Diesen globalen Merker muß man nicht an Bausteine übergeben (kann aber).

Gruß
Harald


----------



## anne (16 Juni 2010)

Ok, vielen Dank Harald.

Die Bezeichnung "ZYKLUS1" stammt von der *Symboltabelle*, richtig?


----------



## ssound1de (16 Juni 2010)

anne schrieb:


> Die Bezeichnung "ZYKLUS1" stammt von der *Symboltabelle*, richtig?


 
Ja. Wenn "symbolische Anzeige" ausgeschaltet wäre, würde an dieser Stelle der entsprechende Operand stehen (war hier ja M0.2).
Merker sind im System fest deklariert und global verwendbar.


----------



## JesperMP (16 Juni 2010)

Frage:
Wird OB1_SCAN_1 auch nach ein Warmstart auf "1" gesetzt ?

Der Kommentar zu OB1_SCAN_1 sagt "_1 (Cold restart scan 1 of OB 1), 3 (Scan 2-n of OB 1)_".

Ich will das ich eine 1st_scan bit habe der aktiv ist nach ein Warmstart (*).
Dazu verwende ich heute OB100, aber überlege ob OB1_SCAN_1 besser/einfacher wäre.
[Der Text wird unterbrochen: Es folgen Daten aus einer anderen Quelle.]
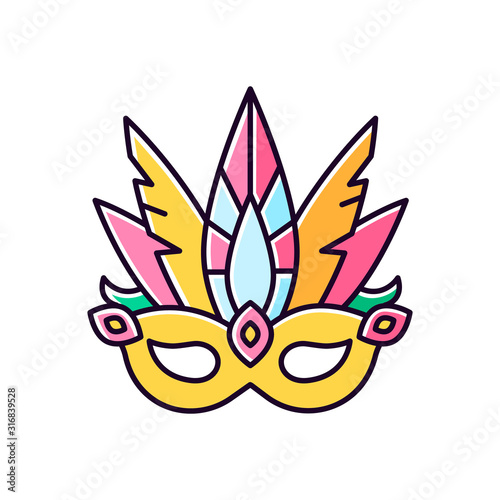 Masquerade mask yellow RGB color icon. Traditional headwear with plumage. Ethnic festival parade. National holiday. Isolated vector illustration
*: Grund ist, wenn ich ein Program komplett geladen habe, und ich diverse Initialwerten setzen will durch den "1st_scan" bit, wird ein Warmstart durchgeführt, kein Kaltstart.


----------



## PN/DP (16 Juni 2010)

JesperMP schrieb:


> Frage:
> Wird OB1_SCAN_1 auch nach ein Warmstart auf "1" gesetzt ?


OB1_SCAN_1 kann folgende Werte haben (siehe Step7-OB1-Hilfe oder Referenzhandbuch S7-300/400 System- und Standardfunktionen):
• B#16#01: *Abschluß des Neustarts (Warmstarts)*
• B#16#02: Abschluß des Wiederanlaufs
• B#16#03: *Abschluß des freien Zyklus*
• B#16#04: Abschluß des Kaltstarts
• B#16#05: Erster OB1-Zyklus der neuen Master-CPU nach Master-Reserve-Umschaltung und STOP des bisherigen Masters

Bei den meisten S7-300 CPU kommen nur die Werte B#16#01 im ersten Zyklus und alle weiteren Zyklen B#16#03 vor.

Die anderen Werte kommen nur bei CPU vor, die die entsprechende Anlaufart unterstützen:
(siehe: Zielsystem > Baugruppenzustand > Leistungsdaten > Organisationsbausteine)
• *Wiederanlauf* können nur S7-400 (nicht S7-300 und nicht S7-400H)
• *Kaltstart* können nur CPU318-2 und S7-400 (und eventuell alte S7-300 ???)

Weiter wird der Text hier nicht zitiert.